2005
Critiques internationales
Lectures
Stories of Peoplehood.
The Politics and Morals of Political Membership
Christophe Jaffrelot
directeur de recherches au CNRS et directeur du CERI. Il travaille actuellement sur les questions du nationalisme et de la démocratie en Asie du Sud. Il a récemment codirigé, avec Alain Dieckhoff, Revisiting Nationalism. Theories and Processes (Londres, Hurst, 2005).
ROGERS M. SMITH
Stories of Peoplehood.
The Politics and Morals of Political Membership
Cambridge, Cambridge University Press, 2003,
236 pages.
Dès l’introduction de son ouvrage, Rogers Smith explique que les peuples acquièrent leur identité politique à travers des récits collectifs qui, s’ils reposent sur un
fond de vérité, n’en
sont pas mois des constructions s’inscrivant parfois dans un temps très long. Il
se propose de faire la théorie de ce phénomène tout en regrettant que les politologues lui aient accordé jusqu’à alors si peu d’attention. Le projet en lui-même présage d’emblée une lecture excitante. Malheureusement, la suite de
l’ouvrage ne correspond que de manière imparfaite au programme annoncé.
Tout d’abord, la nature de ces stories of peoplehood est des plus confuses.
L’auteur soutient qu’il ne s’agit pas de récits nationalistes classiques car il
entend s’intéresser au processus de people-making et non à ceux de nationbuilding, mais les principaux exemples qu’il donne-comme le « grand récit » kirghize et la légende du roi de Judée- sont au cœur de deux idéologies
nationalistes. Par ailleurs, parmi les groupes porteurs de stories of peoplehood, il
cite les Québécois, les Témoins de Jéhovah, l’AFL-CIO et Greenpeace, sans
révéler les grands récits autour desquels s’articulent les identités politiques de
ces groupes.
Enfin la construction du sense of peoplehood est présentée de façon réductionniste. Pour Rogers Smith, elle procède au premier chef de l’instrumentalisation de symboles d’identité par une strate dirigeante passée maître dans
l’art de « construire le peuple » – afin de se doter d’une base sociale – et qui,
en parallèle, n’hésite pas à recourir à son pouvoir de contrainte.
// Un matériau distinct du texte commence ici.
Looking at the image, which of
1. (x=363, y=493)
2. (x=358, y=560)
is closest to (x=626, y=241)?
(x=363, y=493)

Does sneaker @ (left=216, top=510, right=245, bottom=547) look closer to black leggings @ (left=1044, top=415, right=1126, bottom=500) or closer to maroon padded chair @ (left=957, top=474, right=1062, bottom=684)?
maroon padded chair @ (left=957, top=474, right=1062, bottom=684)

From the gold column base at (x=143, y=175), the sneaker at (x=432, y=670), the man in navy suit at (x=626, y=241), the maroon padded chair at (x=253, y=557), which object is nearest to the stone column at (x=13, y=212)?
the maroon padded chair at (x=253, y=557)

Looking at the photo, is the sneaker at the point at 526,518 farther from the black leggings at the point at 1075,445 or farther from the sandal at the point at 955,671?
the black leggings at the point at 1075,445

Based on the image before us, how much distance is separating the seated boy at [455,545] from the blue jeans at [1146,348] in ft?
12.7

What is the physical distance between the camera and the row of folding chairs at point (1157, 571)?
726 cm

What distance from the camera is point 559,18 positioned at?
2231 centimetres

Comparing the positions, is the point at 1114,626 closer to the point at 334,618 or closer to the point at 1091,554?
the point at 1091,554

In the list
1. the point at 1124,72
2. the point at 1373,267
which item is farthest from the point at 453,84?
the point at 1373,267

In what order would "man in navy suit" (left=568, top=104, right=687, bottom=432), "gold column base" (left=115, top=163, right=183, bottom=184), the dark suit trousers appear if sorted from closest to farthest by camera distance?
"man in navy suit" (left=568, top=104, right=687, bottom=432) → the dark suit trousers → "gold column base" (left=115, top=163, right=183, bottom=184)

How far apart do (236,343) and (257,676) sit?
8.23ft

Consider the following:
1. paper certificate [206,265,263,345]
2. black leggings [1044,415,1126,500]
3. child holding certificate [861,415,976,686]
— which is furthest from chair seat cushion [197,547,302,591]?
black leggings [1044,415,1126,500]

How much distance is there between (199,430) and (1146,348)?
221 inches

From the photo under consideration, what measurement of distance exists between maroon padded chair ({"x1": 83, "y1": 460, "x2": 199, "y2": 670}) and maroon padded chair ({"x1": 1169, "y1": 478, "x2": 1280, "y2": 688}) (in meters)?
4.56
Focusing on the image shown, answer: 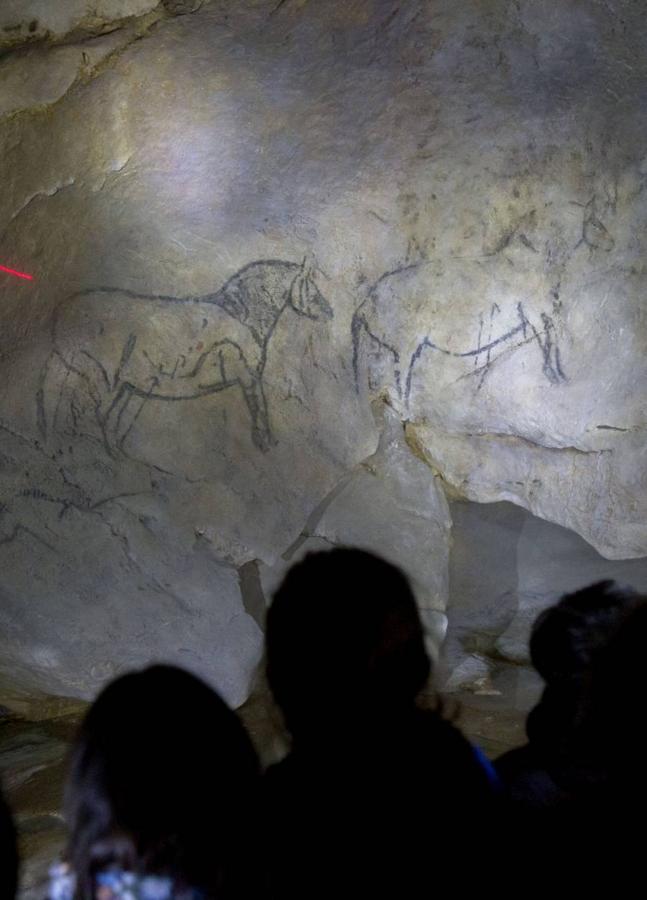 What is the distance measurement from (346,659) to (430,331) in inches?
49.2

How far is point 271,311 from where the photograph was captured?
7.92 feet

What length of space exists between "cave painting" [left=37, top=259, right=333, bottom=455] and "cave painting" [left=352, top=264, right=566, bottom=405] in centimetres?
14

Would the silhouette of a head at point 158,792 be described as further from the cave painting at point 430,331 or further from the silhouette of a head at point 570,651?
the cave painting at point 430,331

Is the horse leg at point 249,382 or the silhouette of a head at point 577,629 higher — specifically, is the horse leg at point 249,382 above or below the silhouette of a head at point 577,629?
above

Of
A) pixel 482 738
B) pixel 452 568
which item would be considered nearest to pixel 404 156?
pixel 452 568

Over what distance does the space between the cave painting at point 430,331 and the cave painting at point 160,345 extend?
0.47ft

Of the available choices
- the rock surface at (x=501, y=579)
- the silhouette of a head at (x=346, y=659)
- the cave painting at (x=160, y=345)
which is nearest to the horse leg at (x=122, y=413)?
the cave painting at (x=160, y=345)

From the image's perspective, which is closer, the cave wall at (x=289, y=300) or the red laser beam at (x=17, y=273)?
the cave wall at (x=289, y=300)

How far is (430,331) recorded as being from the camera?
7.97 ft

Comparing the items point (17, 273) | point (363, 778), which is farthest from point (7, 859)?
point (17, 273)

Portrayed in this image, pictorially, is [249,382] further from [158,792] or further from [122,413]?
[158,792]

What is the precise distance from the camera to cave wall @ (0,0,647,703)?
2162mm

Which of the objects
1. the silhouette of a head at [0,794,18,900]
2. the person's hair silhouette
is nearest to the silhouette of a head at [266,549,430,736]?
the person's hair silhouette

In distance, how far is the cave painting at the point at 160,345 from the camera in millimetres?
2389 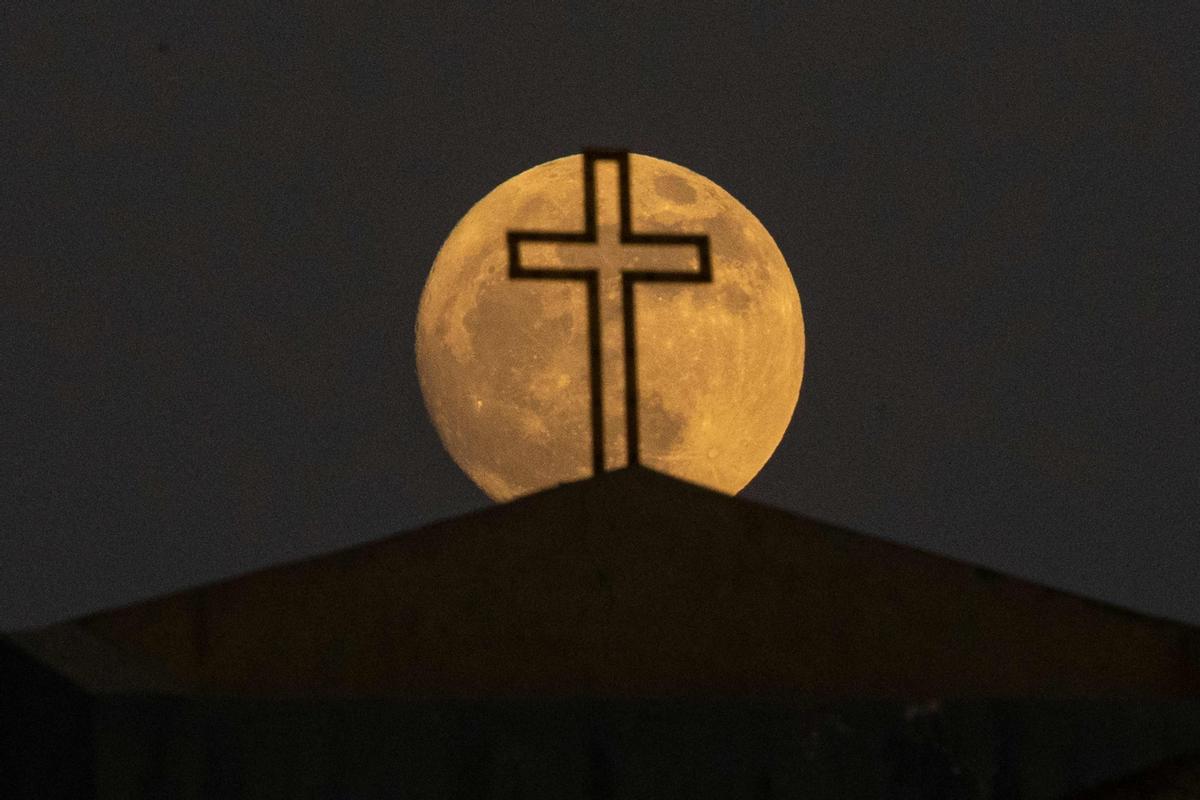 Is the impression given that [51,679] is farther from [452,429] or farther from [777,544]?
[452,429]

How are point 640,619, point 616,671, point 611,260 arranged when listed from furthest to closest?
1. point 611,260
2. point 640,619
3. point 616,671

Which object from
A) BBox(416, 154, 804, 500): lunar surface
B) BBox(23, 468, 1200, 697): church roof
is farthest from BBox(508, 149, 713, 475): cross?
BBox(23, 468, 1200, 697): church roof

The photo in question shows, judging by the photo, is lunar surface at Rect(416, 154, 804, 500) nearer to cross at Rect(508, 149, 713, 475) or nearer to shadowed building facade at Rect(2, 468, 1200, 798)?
cross at Rect(508, 149, 713, 475)

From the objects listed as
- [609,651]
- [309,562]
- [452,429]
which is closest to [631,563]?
[609,651]

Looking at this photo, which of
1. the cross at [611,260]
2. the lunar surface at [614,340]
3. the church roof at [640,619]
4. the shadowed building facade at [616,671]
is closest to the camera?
the shadowed building facade at [616,671]

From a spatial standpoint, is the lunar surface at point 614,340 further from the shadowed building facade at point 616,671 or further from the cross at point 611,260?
the shadowed building facade at point 616,671

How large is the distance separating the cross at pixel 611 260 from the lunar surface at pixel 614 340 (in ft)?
0.24

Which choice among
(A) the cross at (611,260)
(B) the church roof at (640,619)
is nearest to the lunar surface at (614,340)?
(A) the cross at (611,260)

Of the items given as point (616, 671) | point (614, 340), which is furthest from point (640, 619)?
point (614, 340)

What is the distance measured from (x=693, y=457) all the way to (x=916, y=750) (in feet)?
13.9

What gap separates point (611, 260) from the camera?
16.5 meters

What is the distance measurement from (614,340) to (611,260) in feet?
1.62

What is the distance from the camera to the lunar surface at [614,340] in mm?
17344

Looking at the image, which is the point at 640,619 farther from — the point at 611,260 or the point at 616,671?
the point at 611,260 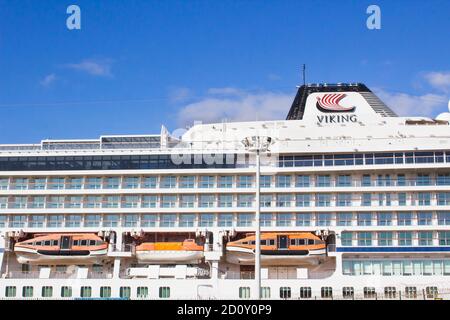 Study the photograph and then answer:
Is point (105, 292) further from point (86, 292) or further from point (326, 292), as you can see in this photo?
point (326, 292)

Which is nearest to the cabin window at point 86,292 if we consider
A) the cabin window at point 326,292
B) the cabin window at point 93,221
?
the cabin window at point 93,221

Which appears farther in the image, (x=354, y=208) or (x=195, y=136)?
(x=195, y=136)

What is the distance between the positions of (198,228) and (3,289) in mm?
10844

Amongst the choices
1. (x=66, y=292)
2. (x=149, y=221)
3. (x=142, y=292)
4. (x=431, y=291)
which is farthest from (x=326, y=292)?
(x=66, y=292)

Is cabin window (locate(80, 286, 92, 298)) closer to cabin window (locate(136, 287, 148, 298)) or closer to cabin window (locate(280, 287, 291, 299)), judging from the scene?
cabin window (locate(136, 287, 148, 298))

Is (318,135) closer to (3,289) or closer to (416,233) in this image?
(416,233)

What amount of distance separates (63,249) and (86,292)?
9.52 feet

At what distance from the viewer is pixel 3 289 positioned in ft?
102

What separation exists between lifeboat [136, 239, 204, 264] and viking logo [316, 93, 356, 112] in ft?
36.7

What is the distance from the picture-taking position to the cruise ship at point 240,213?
30031 mm

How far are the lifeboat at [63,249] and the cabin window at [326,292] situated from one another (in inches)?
460

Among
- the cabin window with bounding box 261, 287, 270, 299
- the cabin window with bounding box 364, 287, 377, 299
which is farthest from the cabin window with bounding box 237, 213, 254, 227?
the cabin window with bounding box 364, 287, 377, 299
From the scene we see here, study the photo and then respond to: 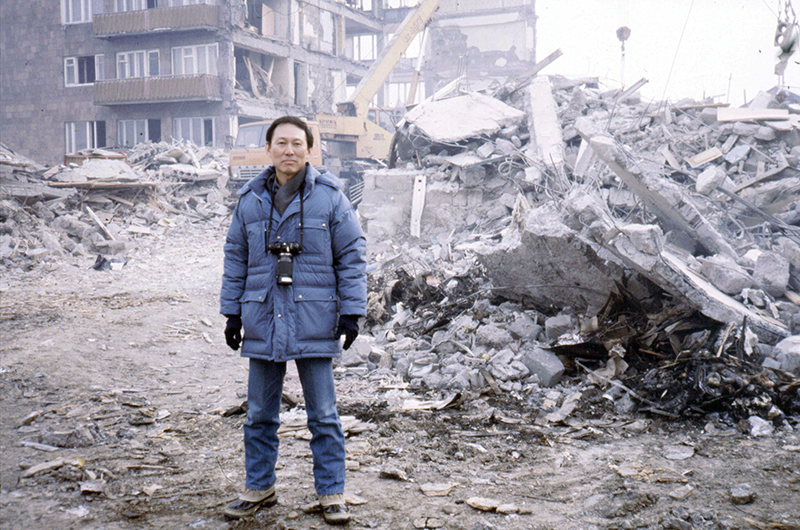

L’auteur fait
ici l’impasse sur l’un des ressorts fondamentaux de la construction des identités politiques : le rapport à l’Autre, l’étranger, le barbare, qui structure,
voire surdétermine, l’identité de tant de groupes ethniques, de nations et
même de mouvements sociaux.
Si Rogers Smith sous-estime cet aspect majeur du sujet qu’il s’est donné, c’est
parce qu’il se concentre sur les facteurs endogènes aux sociétés porteuses de
ces récits. Il insiste sur la vocation de ces derniers à susciter dans les masses
l’allégeance envers des élites dirigeantes expertes en manipulation de symboles – une manipulation telle que ces masses finissent par être convaincues
que leur prospérité et leur valorisation symbolique passent par l’institutionnalisation de ces récits.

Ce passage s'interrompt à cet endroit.